··· Data section

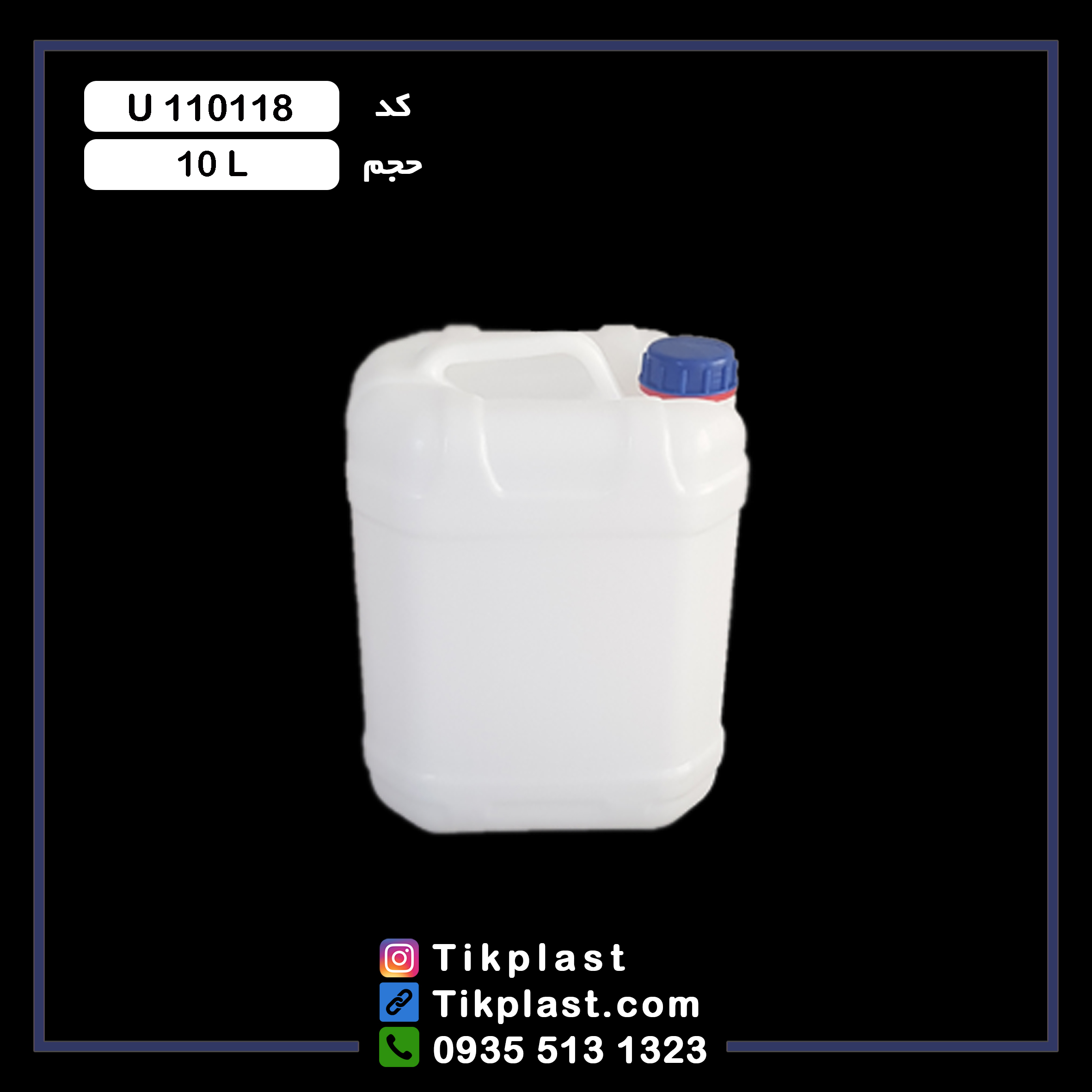 فروش عمده گالن 20 لیتری درجه 1 با رنگبندی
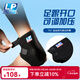 LP ankle brace breathable segmented adjustable running and cycling sports protective gear 757 series 757 single one size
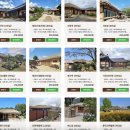 냇가민박 이미지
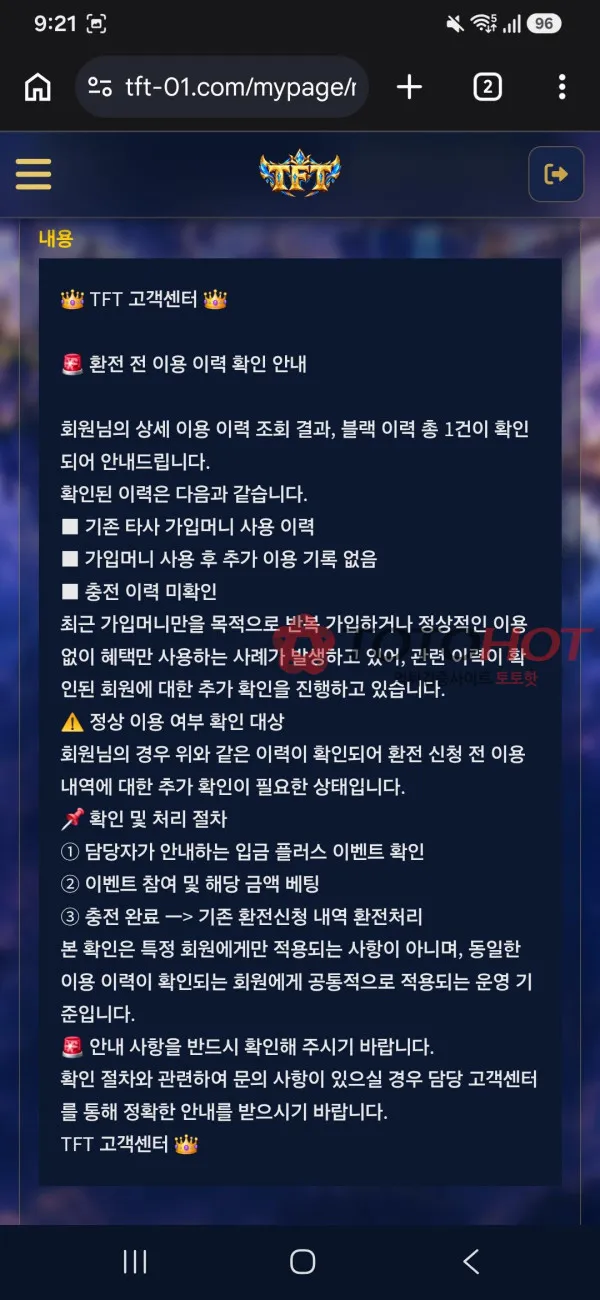 증거 이미지 6
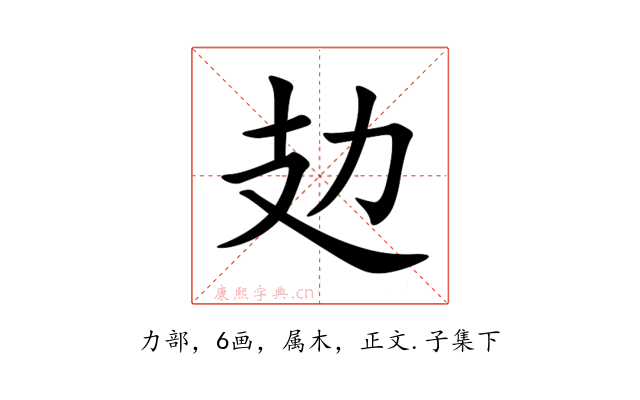 攰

······

- _What is needed_
All entries above should be returned exactly, apart from their pictures.

- _Solution for this problem_
 فروش عمده گالن 20 لیتری درجه 1 با رنگبندی
 LP ankle brace breathable segmented adjustable running and cycling sports protective gear 757 series 757 single one size
 냇가민박 이미지
 증거 이미지 6
 攰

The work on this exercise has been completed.